Deputy assistant director in the US Secret Service’s Office of Investigations Robert Novy made the recommendation on Wednesday in his prepared testimony to Congress.
“It is critical that the United States continues to work internationally to improve controls related to digital currency through organizations like the Financial Action Task Force. We should also consider additional legislative or regulatory actions to address potential challenges related to anonymity-enhanced cryptocurrencies, services intended to obscure transactions on blockchains (i.e. cryptocurrency tumblers or mixers) and cryptocurrency mining pools.”
According to a 2017 report from the European Union’s law enforcment agency Europol, Monero is “now accepted on a number of Darknet markets, and 2017 saw the first ransomware, Kirk, which used Monero for ransom payments.” That same report found “Zcash was due to be included in the currencies accepted by Darknet market AlphaBay.”
The developers of Monero and Zcash say their coins’ anonymous features are simply designed to protect privacy.
In his testimony, Novy also writes about the impact of malware and other technological crimes connected to cryptocurrency.
“The growing popularity of blockchains has also resulted in the growth of criminal activities closely related to its proprieties.

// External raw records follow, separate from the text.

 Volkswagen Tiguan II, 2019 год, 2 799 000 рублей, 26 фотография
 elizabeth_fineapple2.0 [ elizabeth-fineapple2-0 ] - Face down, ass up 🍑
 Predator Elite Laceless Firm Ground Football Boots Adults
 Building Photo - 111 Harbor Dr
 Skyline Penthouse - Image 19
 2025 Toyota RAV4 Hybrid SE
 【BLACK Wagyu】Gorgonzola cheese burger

These include: crypto-jacking, thefts of private keys, ransomware, and attacks on blockchain networks themselves. Crypto-jacking is the use of malware or compromised websites to use, without authorization, computing power of others for cryptocurrency mining. Control of assets on a blockchain is maintained through exclusive control and access to the associated private cryptographic key; however, there have been numerous instances of cryptocurrency heists, involving major exchanges, wallets and individual users resulting from the theft and illicit use of private cryptographic keys. While ransomware, which impairs the operation of a computer as part of an extortion demand, has been around since the late 1980s, its growth over the last four years has substantially been driven by use of cryptocurrencies as the means of paying extortion demands.

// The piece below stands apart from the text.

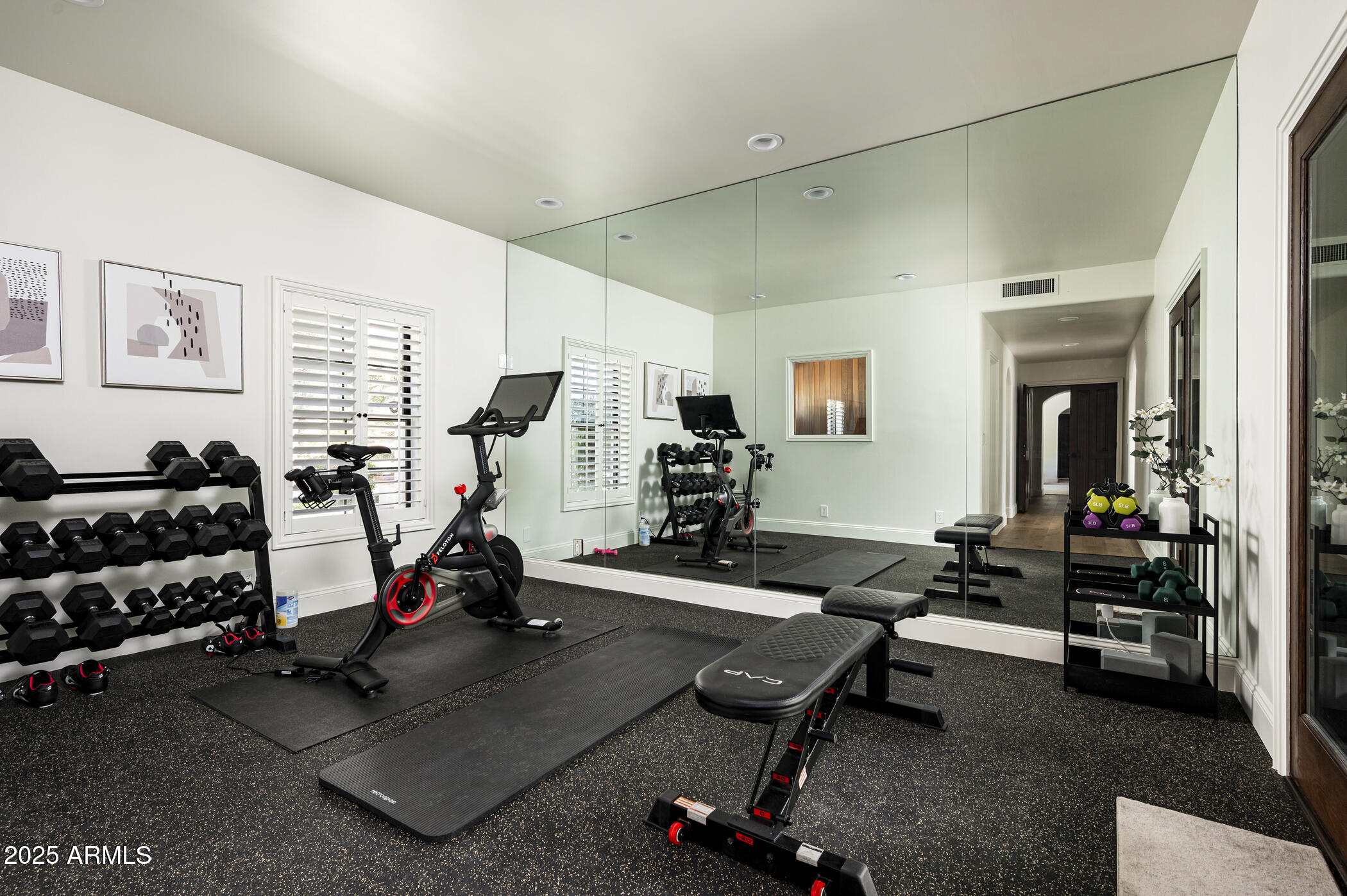 CAMELBACK COUNTRY ESTATES 6 - Residential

Finally, we have observed a few instances of attacks on blockchain systems themselves, either to impair their operation, as part of a broader scheme, or as part of a ‘51% attack’ to defraud other users of the cryptocurrency. All such activities typically involve violations of the Computer Fraud and Abuse Act (18 U.S.C. § 1030) and potentially other criminal statutes.”

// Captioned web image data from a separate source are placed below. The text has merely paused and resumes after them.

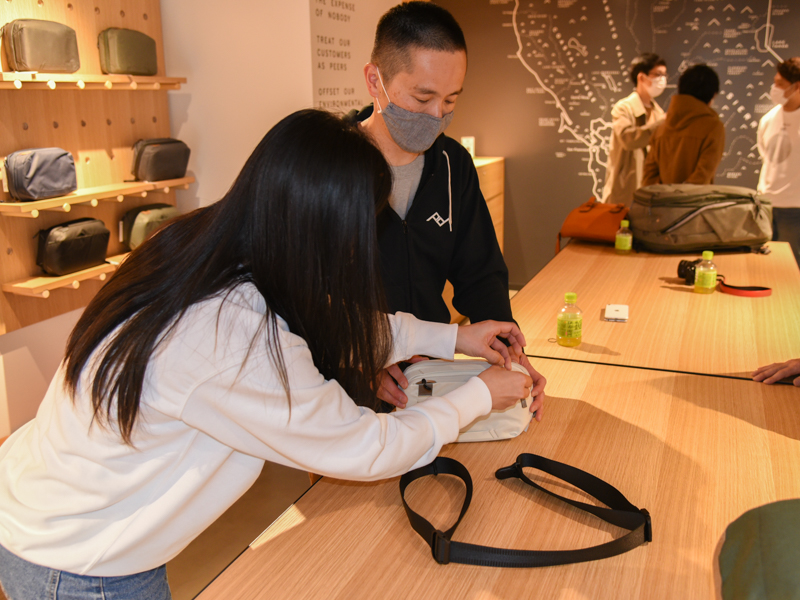 気になった製品は中央のテーブルで感触を確かめられる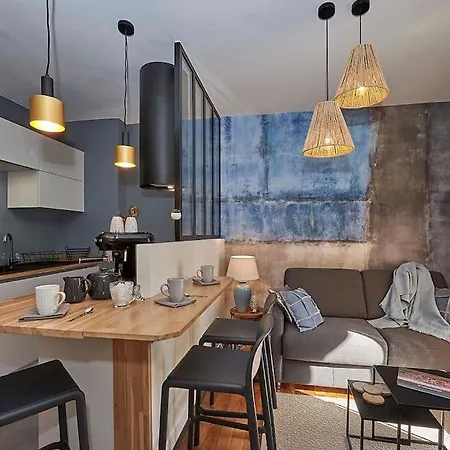 Superb Air-conditioned T2 - Balcony - Virtual Tour Apartment *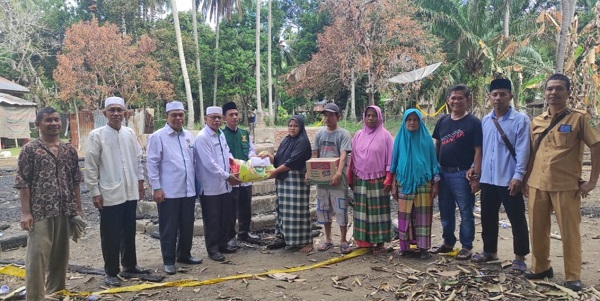 Baznas Palas bantu korban kebakaran di Desa Gunung Manaon, Kecamatan Huristak, Senin (3/7). (Waspada/Ist)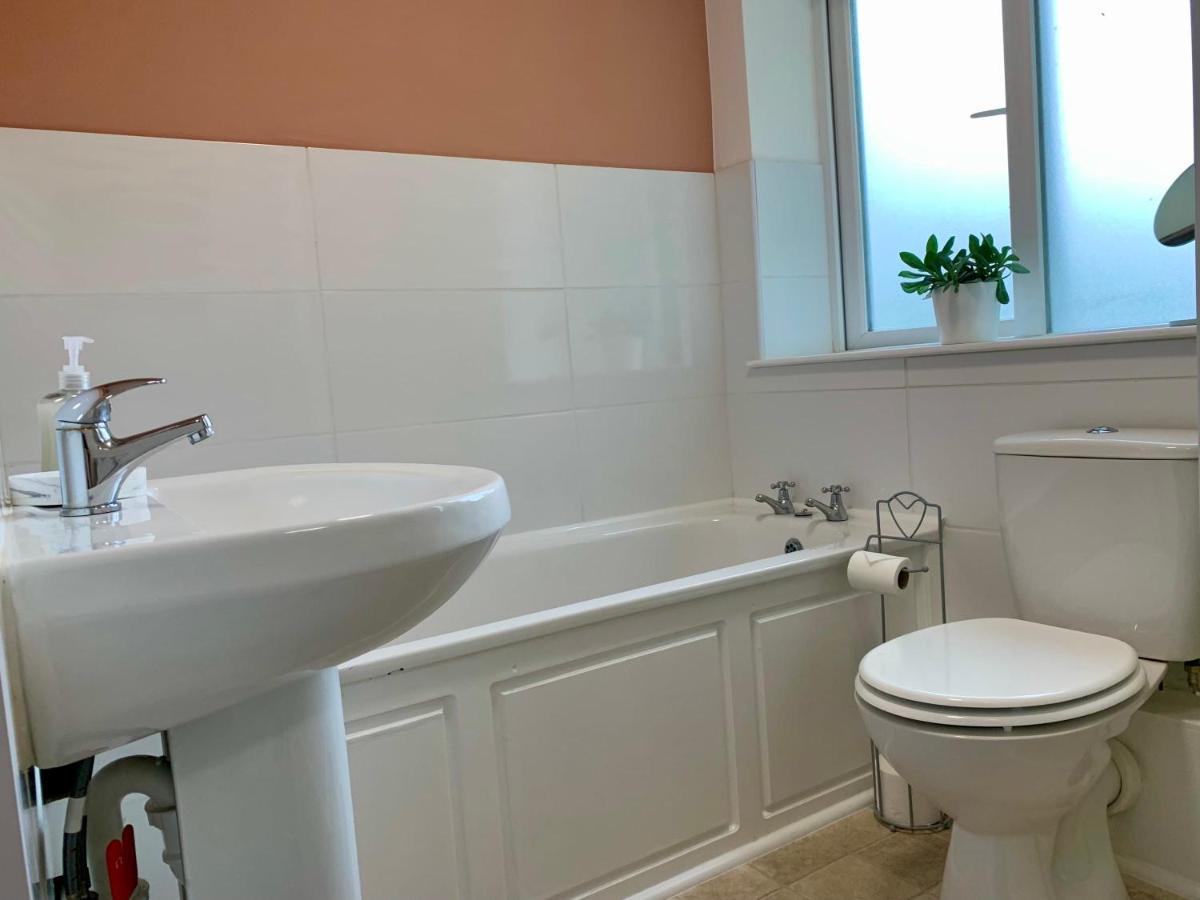Stunning Rural Apartment - Sleeps 4 - Parking Lichfield Exterior photo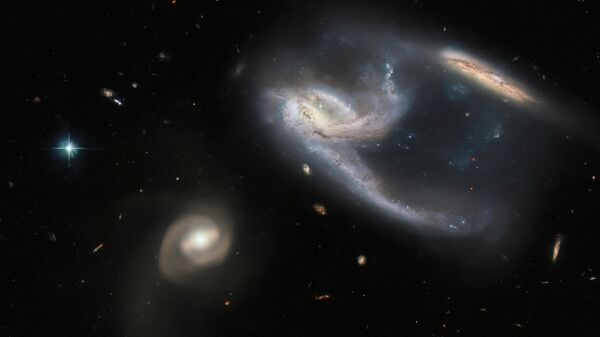 O Telescópio Espacial Hubble flagrou um grupo de três galáxias, coletivamente conhecidas como NGC 7764A, a 425 milhões de anos-luz da Terra, na constelação de Fênix - Sputnik Brasil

Novy gave his testimony to the House Financial Services subcommittee at a hearing on the use of digital currencies for illegal purposes.
According to Forbes, associate director of FinCEN’s enforcement division Thomas Ott also spoke at the hearing, and pointed out that the financing of most illegal activity is not connected to cryptocurrency.
“While traditional financial methods remain the primary vehicle for most illicit activity, FinCEN believes virtual currency presents specific illicit finance risks, and that without vigilance and action, the scale of this activity could grow,” said Ott.